→ **Task brief**:
Without any of their pictures, return all of the records exactly.
Data for review: Begin
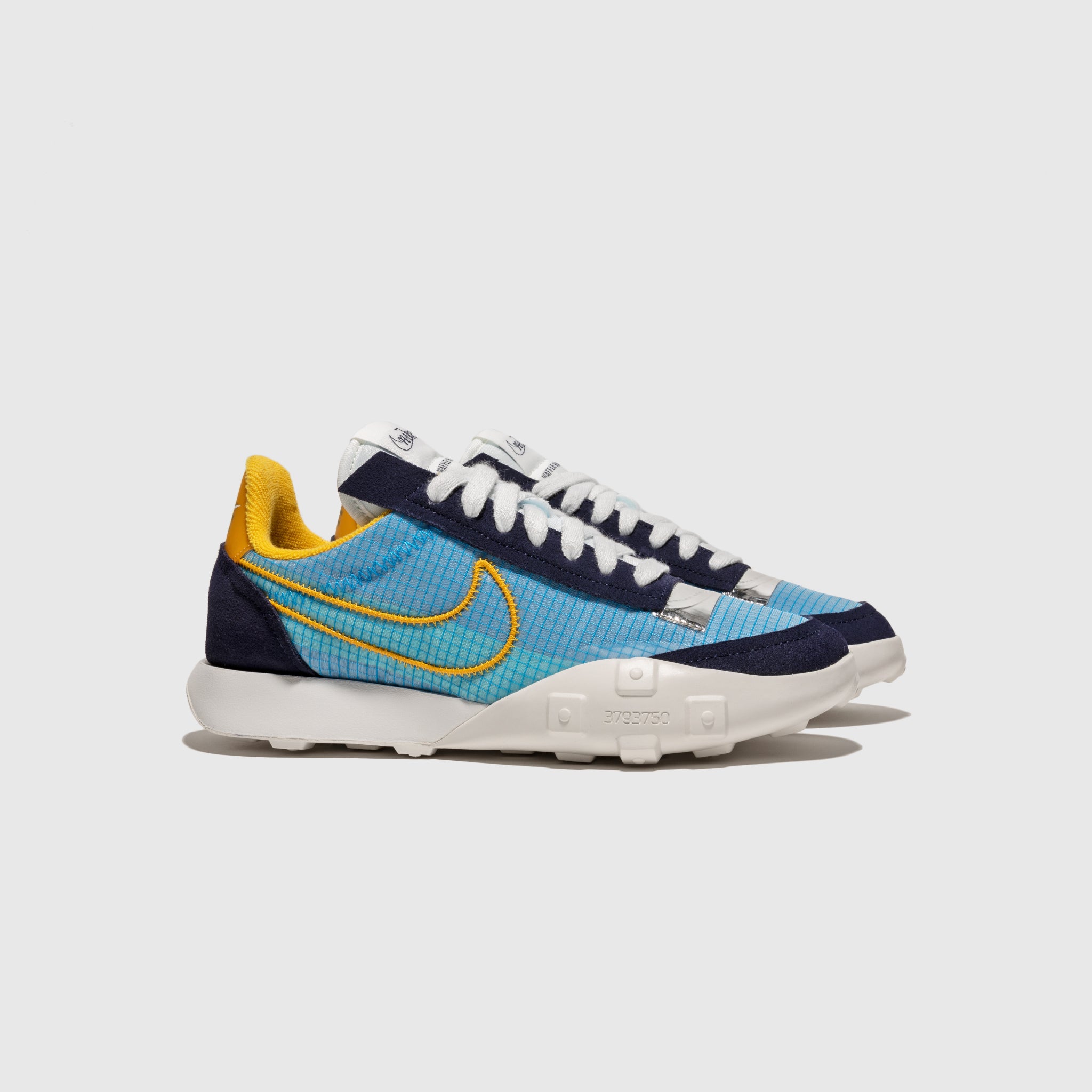 WMNSNIKEWAFFLETRAINER BLUE GOLD 3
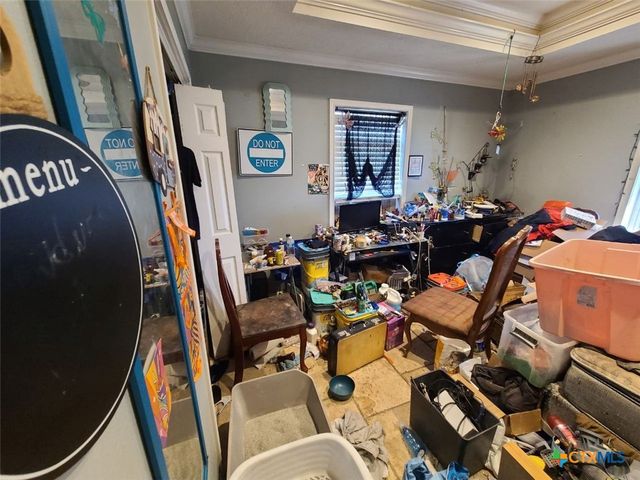 203 N West Street, Yorktown, TX 78164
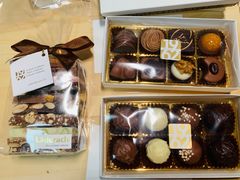 -Laderach 莱德拉(上海环贸iapm店)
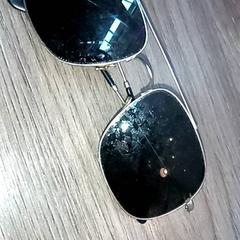 Gafas de sol, segundo informou Leonardo Royal Hotel Amsterdam usando iLost
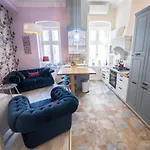 Apartmán Luxury Designer Period In Old Town By The Presidential Palace Bratislava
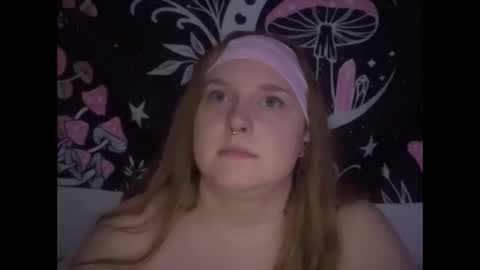 Snapshot of yourthickgingergoddess chatting on February 8, 4:36 am yourthickgingergoddess online show from February 8, 4:36 am
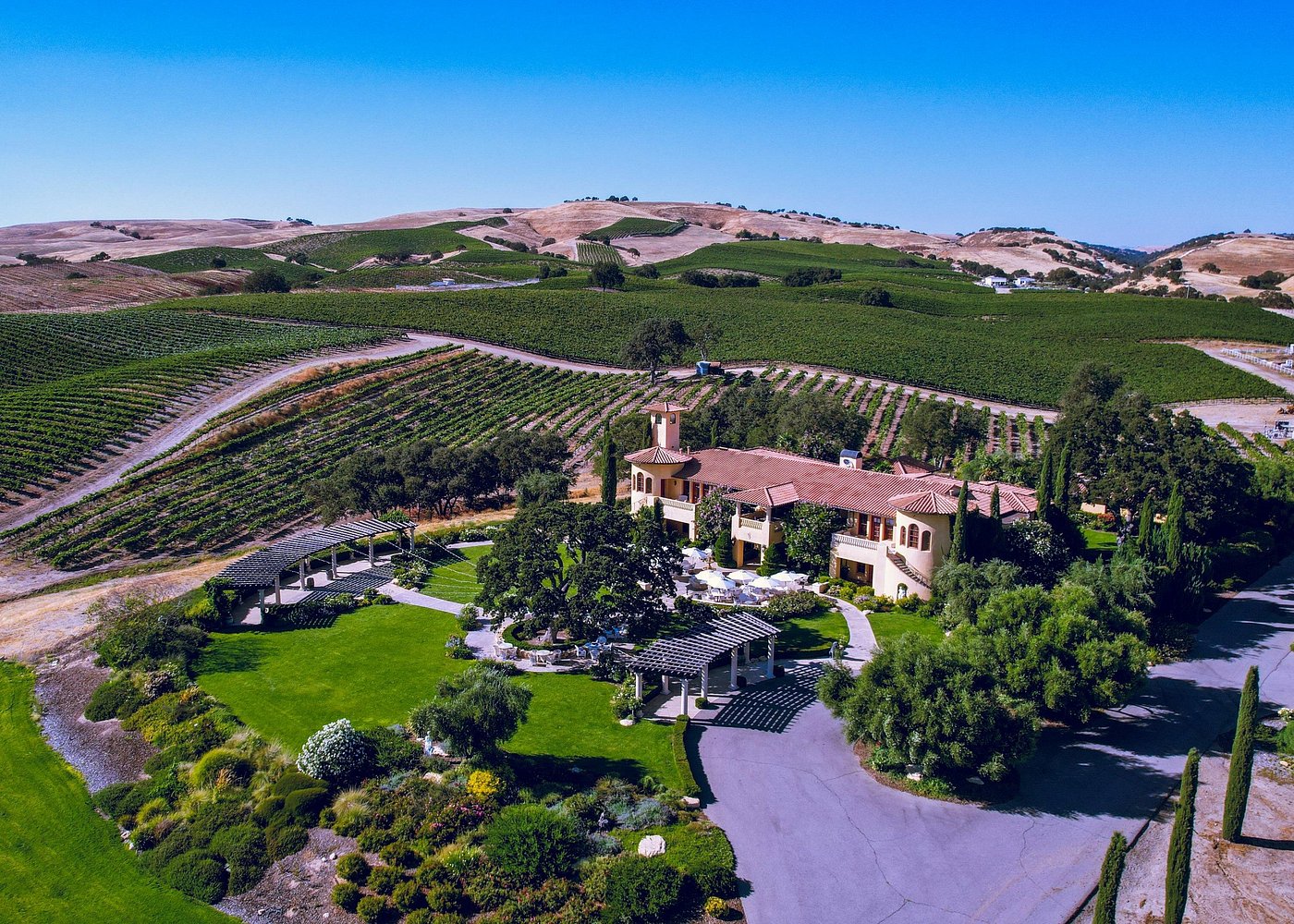 3-Winery Paso Robles Tour with Picnic Lunch & Tasting Fees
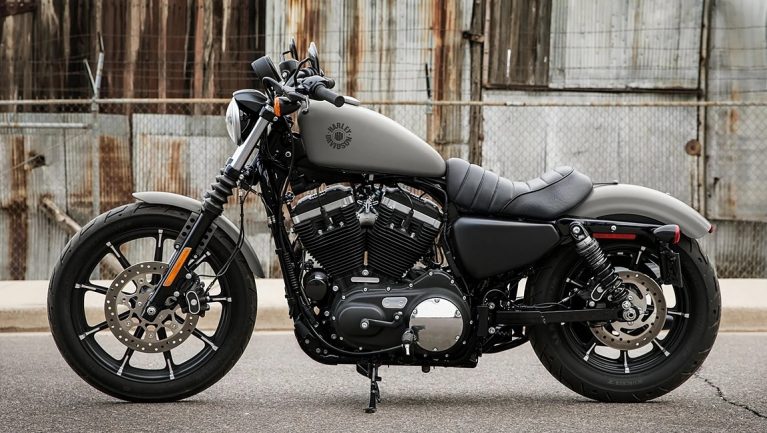 هارلی دیویدسن IRON 883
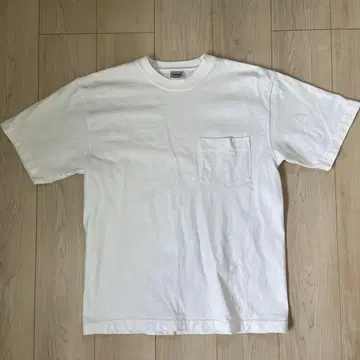 CAMBER 화이트 T셔츠 포켓 부착 캠버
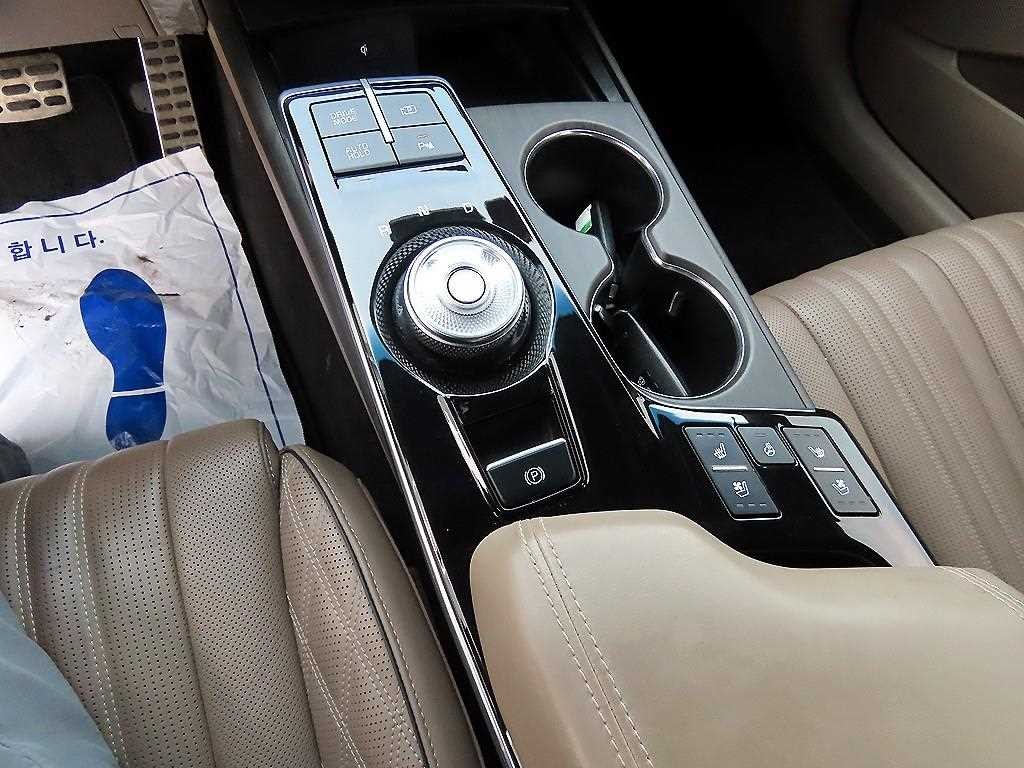 기아 K8 3.5 4WD 플래티넘 이미지 10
Data for review: End
→ **The answer**:
 WMNSNIKEWAFFLETRAINER BLUE GOLD 3
 203 N West Street, Yorktown, TX 78164
 -Laderach 莱德拉(上海环贸iapm店)
 Gafas de sol, segundo informou Leonardo Royal Hotel Amsterdam usando iLost
 Apartmán Luxury Designer Period In Old Town By The Presidential Palace Bratislava
 Snapshot of yourthickgingergoddess chatting on February 8, 4:36 am yourthickgingergoddess online show from February 8, 4:36 am
 3-Winery Paso Robles Tour with Picnic Lunch & Tasting Fees
 هارلی دیویدسن IRON 883
 CAMBER 화이트 T셔츠 포켓 부착 캠버
 기아 K8 3.5 4WD 플래티넘 이미지 10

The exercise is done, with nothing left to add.